Most importantly, our findings on short-term broadcast-driven popularity should alert healthcare providers and policy makers to the dangers of using mere citation counts as predictors of value-generating potential. Seemingly successful research efforts, with a disproportionally large number of citations, may quickly die out leaving no influential trace over time. By contrast, research that is only mildly successful in the short run may well gain in popularity over time, yield wide and multi-generational cascades of adoptions, and ultimately provide the foundation for successful medical practice.

Therefore, our study suggests that surgical innovations that have started producing viral adoption cascades should be further sustained, as they are likely to prove highly successful in the end, even if they are still at their initial stage of development and diffusion. As such, the structural virality metric can act as a forecasting tool for surgical innovation.

On the other hand, surgical innovations that only produce broadcast-like adoption cascades or cascades with low virality values should not be further sustained in an attempt to unlock some (hidden) potential of value generation as these represent surgical innovations that in fact are not likely to prove successful or of practical value.
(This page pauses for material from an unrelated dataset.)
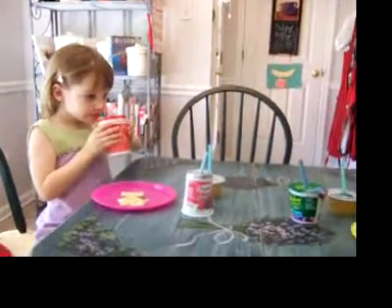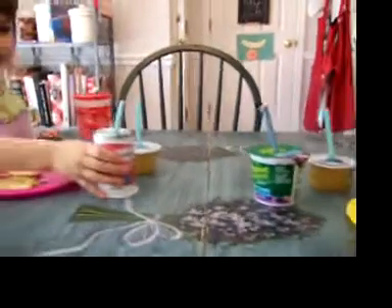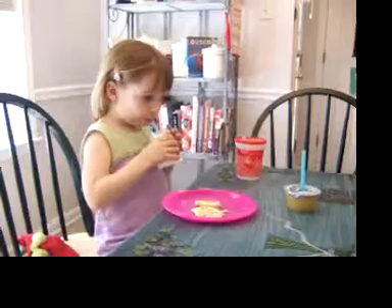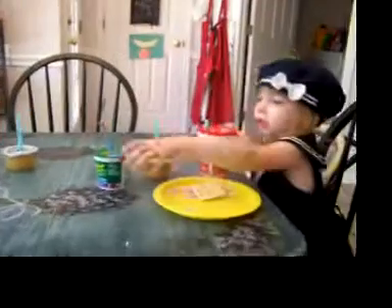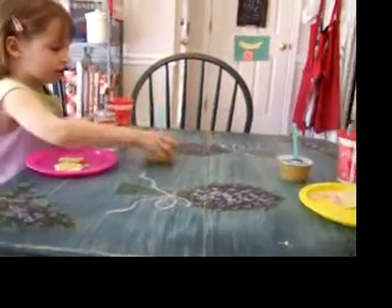These straws can not only be used in cups — they can also be used in yogurt, applesauce, anything with a foil lid. Go ahead, Ruthanne, drink your yogurt. This would be great for the car, because then they won't make a big mess with yogurt or applesauce. Go ahead, drink your applesauce.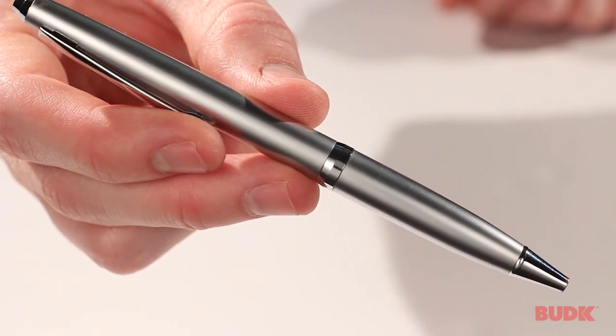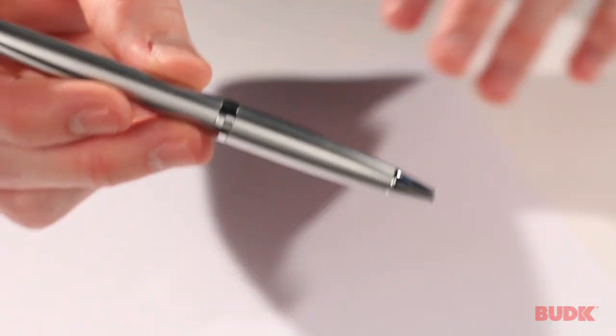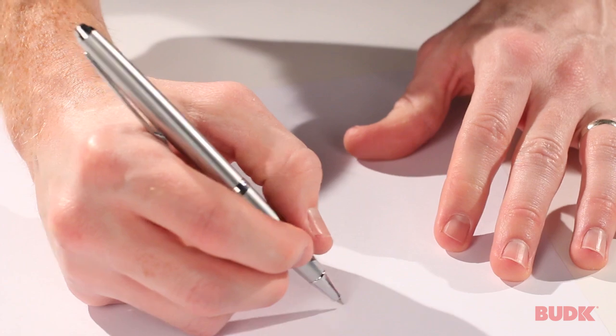This is a silver serrated ink pen. It's a classic looking ink pen that is actually fully functional. You just twist it in the middle to open it, and you can see it even writes.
A number of limitations in our study should be noted. First, citation networks represent but one type of innovation networks. Other networks include co-authorship and collaboration networks where nodes represent individual surgeons-scientists or institutions. Drawing on these networks, one could investigate the structural foundations of innovation at the individual level, and the relationship between scientific collaboration and innovation diffusion. Second, we did not assess whether the citation made to an innovation was positive or negative as a citation can be made to level criticism to the content of an article. This, however, is beyond the scope of the current study, and will certainly be addressed in our future work. Third, our measures do not directly account for variations in time scales across cascades. Innovations may trigger cascades of adoption stretching over various intervals of time, but nonetheless characterized by the same degree of virality. Future work shall extend our measures to also account for temporal variations in adoption behavior. Finally, a broader family of network metrics, including degree correlations among adjacent nodes, will be required to fully assess the structure of adoption cascades and the multi-faceted value of surgical innovation.

In conclusion, our study has demonstrated that network analysis offers unique new opportunities for understanding, modeling and measuring surgical innovation, and ultimately for assessing and comparing the generative value in the different specialties. When evidence-based data are difficult to collect or not yet available, a suitable methodological substitute is needed to inspire and guide the decisions of policy makers, funding bodies, surgeons, and healthcare providers. This is especially relevant in the current financial climate characterized by paucity of funding in both health-related research and healthcare delivery combined with competing national priorities for investment. Our study constitutes an important first step in this direction.

Acknowledgments

This article was presented at the International Surgical Congress of the Association of Surgeons of Great Britain and Ireland (ASGBI) and awarded the ePoster of Distinction Prize for Best Original Presentation, May 3–5, 2017, Glasgow, United Kingdom.